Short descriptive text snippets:
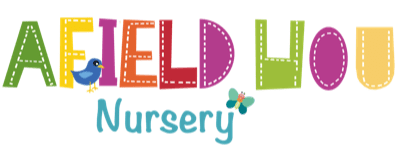 Leafield-House-Logo-2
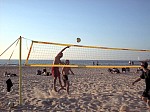 Clemens/Eichbaum gegen Beiersdorf/Hinz
Gre: 600 x 450, 92918 Byte
Urheber: active beach e.V.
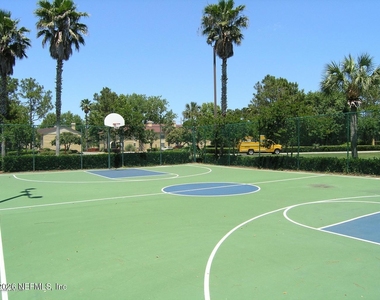 800 Boardwalk Drive - Photo Thumbnail 3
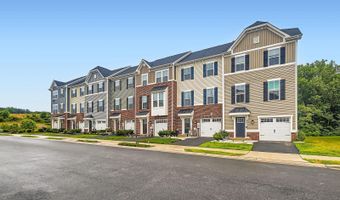3029 STRASBAUGH Dr, Bel Air, MD 21015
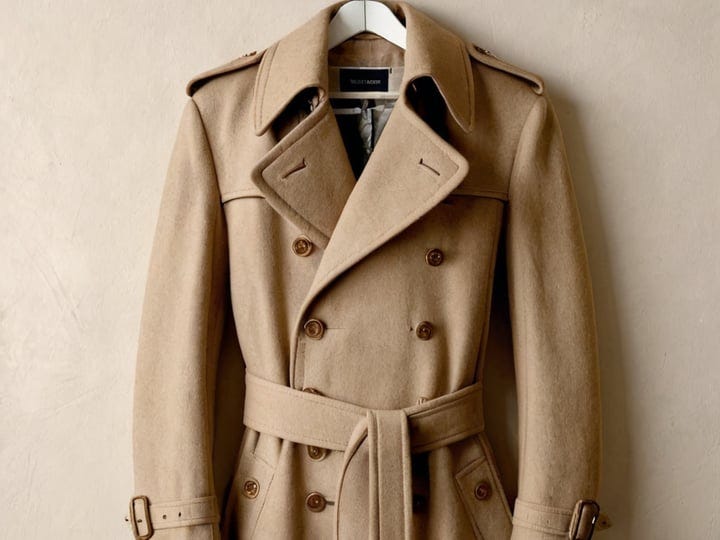 Wool-Trench-Coats-5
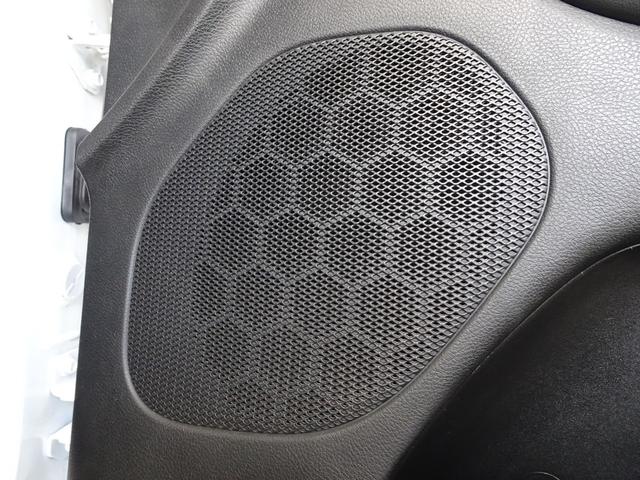 ジープ・グランドチェロキー リミテッド 禁煙車/記録簿/本革/サンルーフ/ナビ地デジ/Bluetooth/Bカメラ/HID/ETC/スマートキー/スペアキー/クルコン/パドルシフト/パワーゲート/サイドステップ/ルーフレール/オートライト/(50枚目)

## THE PROBLEM
Could you write out every line above exactly as it stands, with no images?

## REPLY
 Leafield-House-Logo-2
 Clemens/Eichbaum gegen Beiersdorf/Hinz
Gre: 600 x 450, 92918 Byte
Urheber: active beach e.V.
 800 Boardwalk Drive - Photo Thumbnail 3
3029 STRASBAUGH Dr, Bel Air, MD 21015
 Wool-Trench-Coats-5
 ジープ・グランドチェロキー リミテッド 禁煙車/記録簿/本革/サンルーフ/ナビ地デジ/Bluetooth/Bカメラ/HID/ETC/スマートキー/スペアキー/クルコン/パドルシフト/パワーゲート/サイドステップ/ルーフレール/オートライト/(50枚目)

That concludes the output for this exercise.